'We're being incentivised to stay on the dole'
Graduates are incentivised to stay on the dole, claims recent graduate Mark Duffy.
The 23-year-old from Ballina says young people are "stuck between a rock and a hard place" when it comes to securing a decent job with lasting prospects.
He says the cost of learning how to drive and getting a car is another barrier.
After completing his business degree at the Galway Mayo Institute last year, Mark (right) - the second youngest of 13 children - said his "most realistic options" were emigration or the Government's JobBridge scheme.
"I wanted to get into marketing or management, but they always look for experience, which is something that you usually don't have when you are a graduate," he says.
After his parents invested tens of thousands in his education, Mark says they would have faced another year of outlays to cover "sky-high" rents in Dublin, Galway or Cork and food costs if he had taken up an internship.

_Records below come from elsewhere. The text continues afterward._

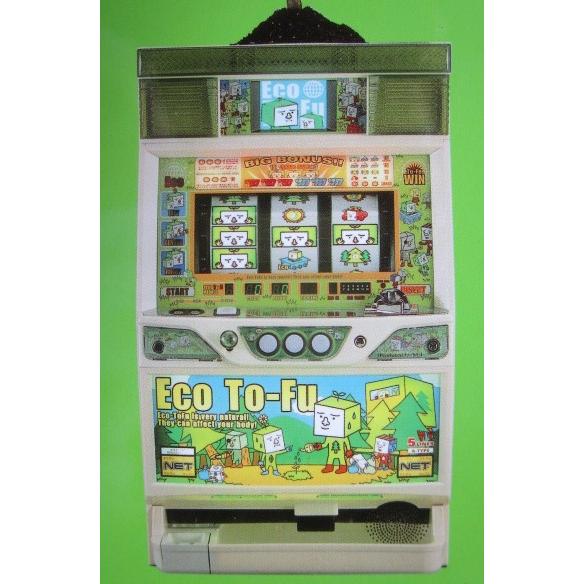 ネット SLOT【パチスロ実機/パンフレット/チラシ】2-3 レトロ 懐かしの 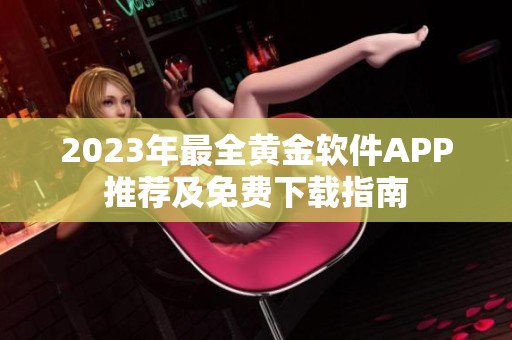 2023年最全黄金软件APP推荐及免费下载指南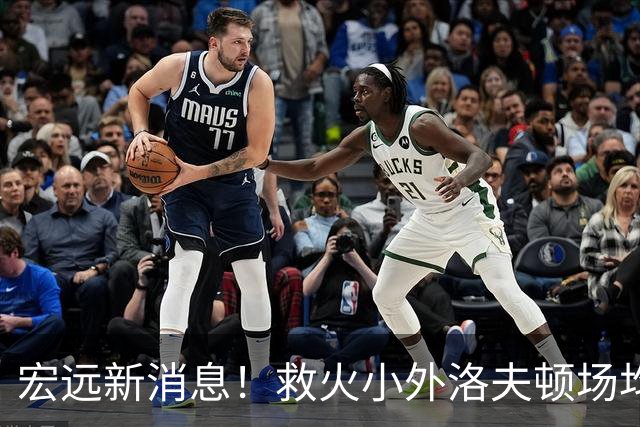 宏远新消息！救火小外洛夫顿场均27.7分待签，套票VIP两万七，杜锋爱将体测过关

Mark refused to put a further financial burden on his family. He and three friends decided to go travelling instead.
"There's no comparison with the opportunities in Australia compared to Ireland. Five days after arriving in Perth, we all landed well-paid jobs," he says.
Four months ago, Mark returned home to Mayo and is surviving on social welfare of €100 a week.
Although he is proactive in applying for jobs, playing GAA and soccer and volunteering as a youth activist with the National Youth Council of Ireland, he thinks going back to college is his only way forward.
"I'm almost incentivised to wait nine months on the dole and then go back as a mature student, but afterwards my education will probably mean more abroad," he says.